ZooConf User Guide¶
The zoo_conf module provides essential utilities for working with ZOO-Project configuration and CWL workflows. This guide covers practical usage patterns.
Overview¶
The module contains four main classes:
- ZooConf: Configuration handler
- ZooInputs: Input parameter parser with type conversion
- ZooOutputs: Output handler
- CWLWorkflow: CWL workflow parser and analyzer
Working with ZooConf¶
ZooConf is a simple wrapper around the ZOO-Project configuration dictionary.
Basic Usage¶
from zoo_conf import ZooConf
def my_service(conf, inputs, outputs):
zoo_conf = ZooConf(conf)
# Get the workflow identifier
workflow_id = zoo_conf.workflow_id # From conf["lenv"]["Identifier"]

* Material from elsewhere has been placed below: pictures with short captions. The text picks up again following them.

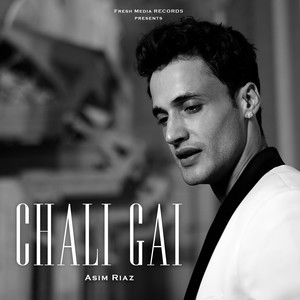 Chali Gai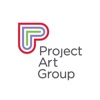 PROJECT ART PLUS TEAM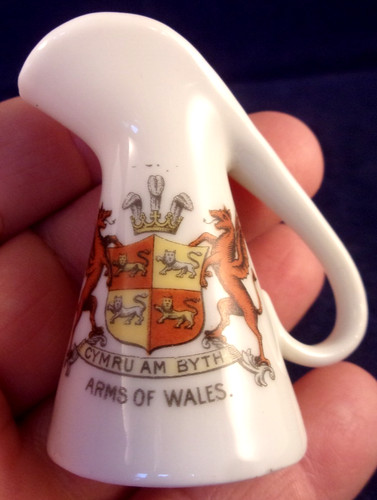 Arms wales cymru byth - wales,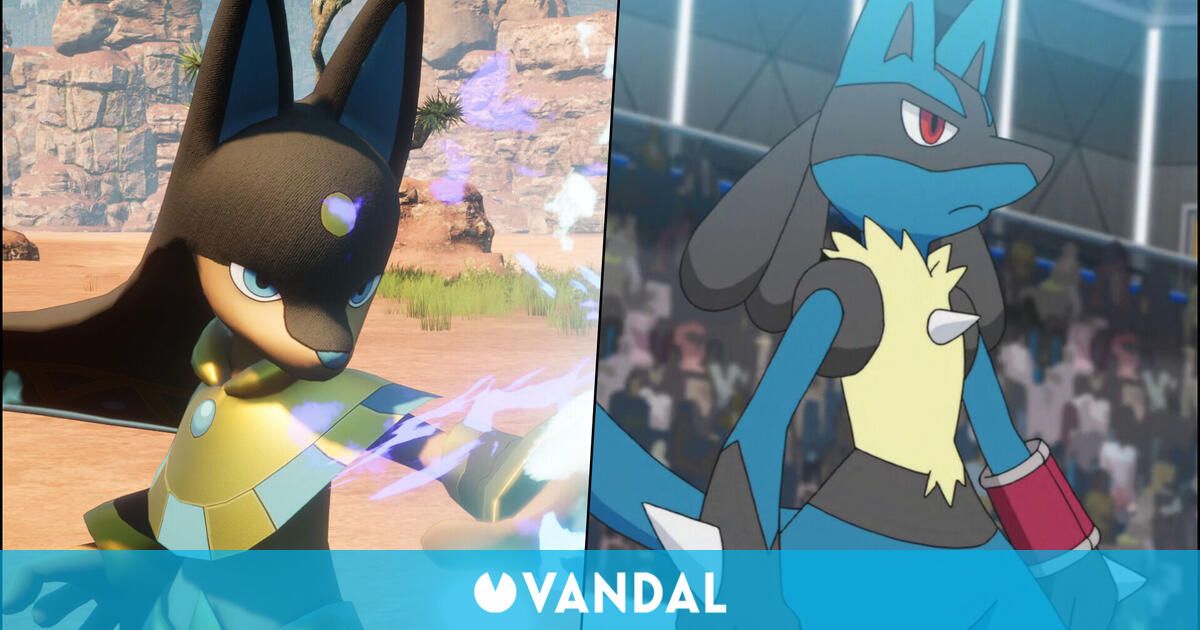 ¿Puede Nintendo demandar a Palworld por ser una copia de Pokémon y por qué no lo hace?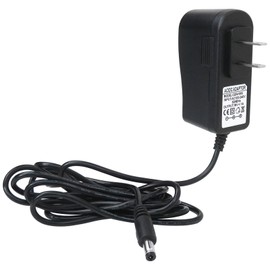 New 18V Charger for Hyperice, Replacement Power Cord for Hypervolt 2 Pro/2/Go 55000 001-00/Go 2 55200 001-00 and for Vyper 2.0/3/Go Handheld Massage Gun by GruDawu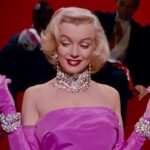 Os homens preferem as loiras – 13/01/2026 – 19:00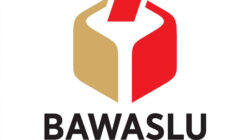 Bawaslu - Foto logo Bawaslu - Net
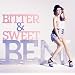 Bitter&Sweet(��������)(DVD�t)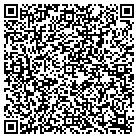 QR code with Tenderfoot Academy Inc contacts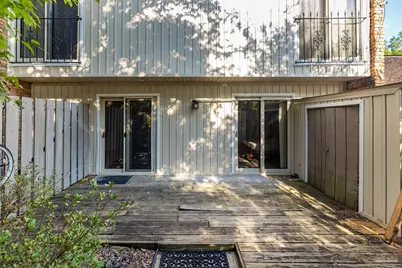 4840 Huron Dr, Pensacola, FL 32507 - Photo 19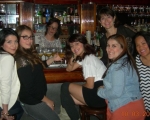 SI Exif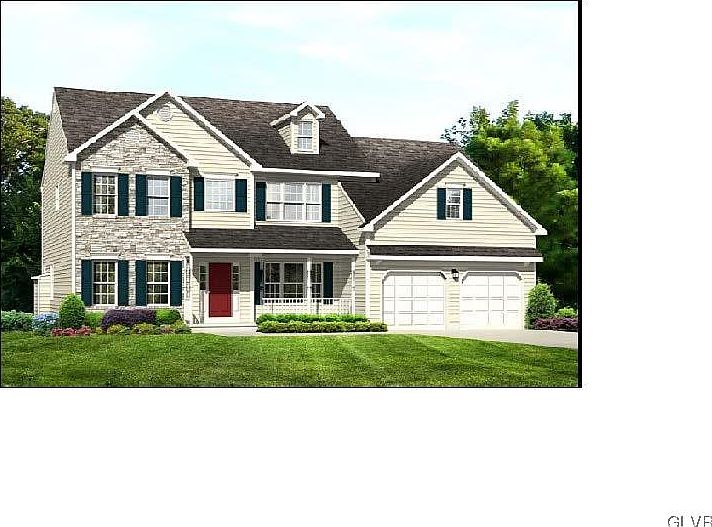 1st image of 2160 Eagles Landing Dr #109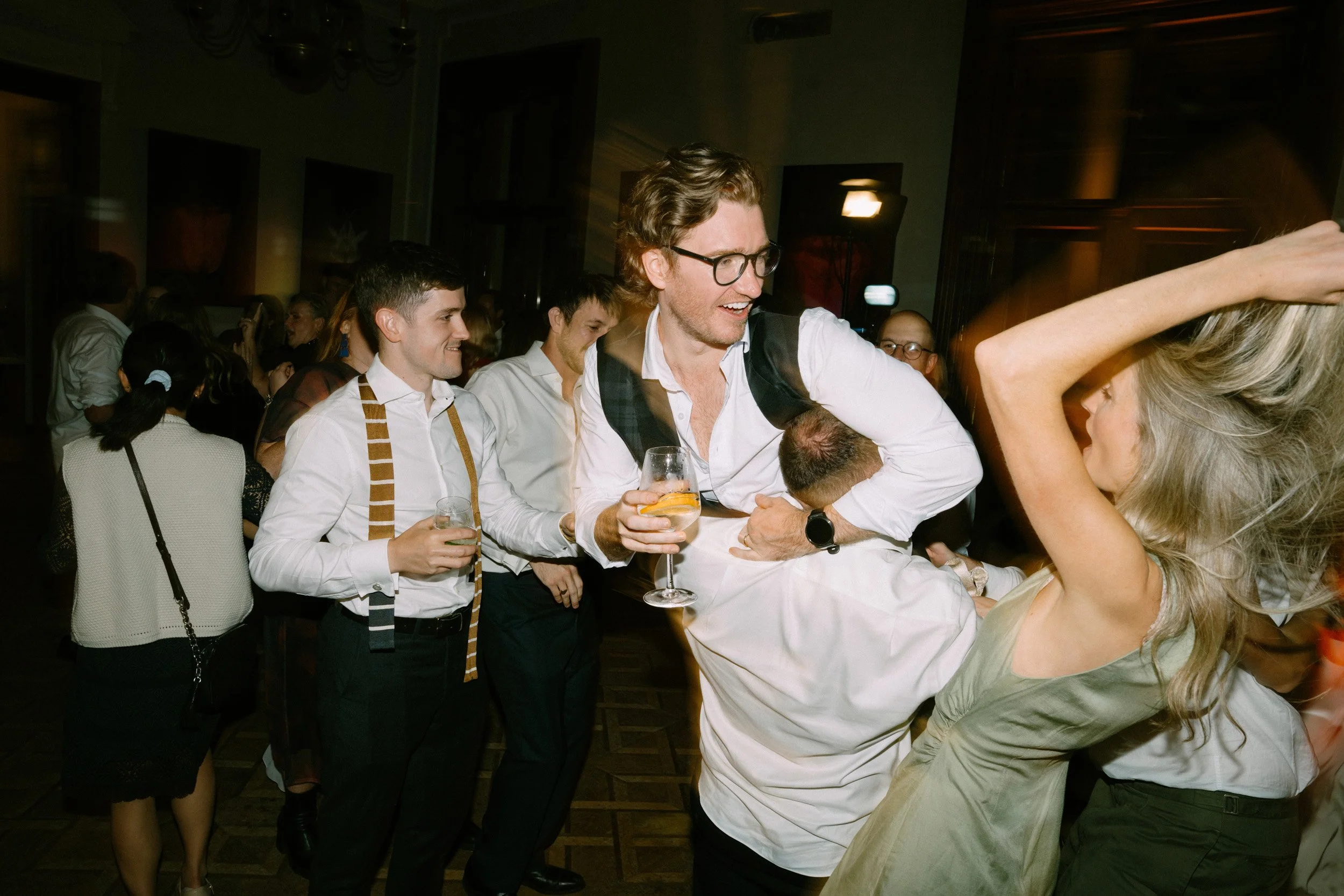 Kristina&Grant (452).jpg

# Access underlying conf dict
tmp_path = zoo_conf.conf["main"]["tmpPath"]
return 3
Handling Inputs with ZooInputs¶
ZooInputs handles the complexity of ZOO input parsing, including type conversion and array handling.
Type Conversion¶
ZOO-Project passes all values as strings. ZooInputs automatically converts them to appropriate Python types:
from zoo_conf import ZooInputs
inputs = {
"threshold": {
"dataType": "float",
"value": "0.85"
},
"max_iterations": {
"dataType": "integer",
"value": "100"
},
"enable_cache": {
"dataType": "boolean",
"value": "1"
}
}
zoo_inputs = ZooInputs(inputs)
params = zoo_inputs.get_processing_parameters()
# Result:
# {
# 'threshold': 0.85, # float
# 'max_iterations': 100, # int
# 'enable_cache': 1 # int (boolean)
# }
File Inputs¶
File inputs are converted to CWL File objects:
inputs = {
"input_raster": {
"cache_file": "/tmp/zTMPykgmh8/data.tif",
"mimeType": "image/tiff"
},
"config_file": {
"cache_file": "/tmp/zTMPykgmh8/config.json",
"mimeType": "application/json"
}
}
zoo_inputs = ZooInputs(inputs)
params = zoo_inputs.get_processing_parameters()
# Result:
# {
# 'input_raster': {
# 'class': 'File',
# 'path': '/tmp/zTMPykgmh8/data.tif',
# 'format': 'image/tiff'
# },
# 'config_file': {
# 'class': 'File',
# 'path': '/tmp/zTMPykgmh8/config.json',
# 'format': 'application/json'
# }
# }
Array Inputs¶
ZOO-Project has a quirk: arrays with one element are converted to strings. ZooInputs automatically handles this:
inputs = {
"bands": {
"maxOccurs": "3",
"value": "B02" # Single value, but should be array
}
}
zoo_inputs = ZooInputs(inputs)
# Automatically converted to array:
# inputs["bands"]["value"] = ["B02"]
Getting Individual Input Values¶
zoo_inputs = ZooInputs(inputs)
# Get specific input
try:
threshold = zoo_inputs.get_input_value("threshold")
except KeyError:
print("threshold parameter not provided")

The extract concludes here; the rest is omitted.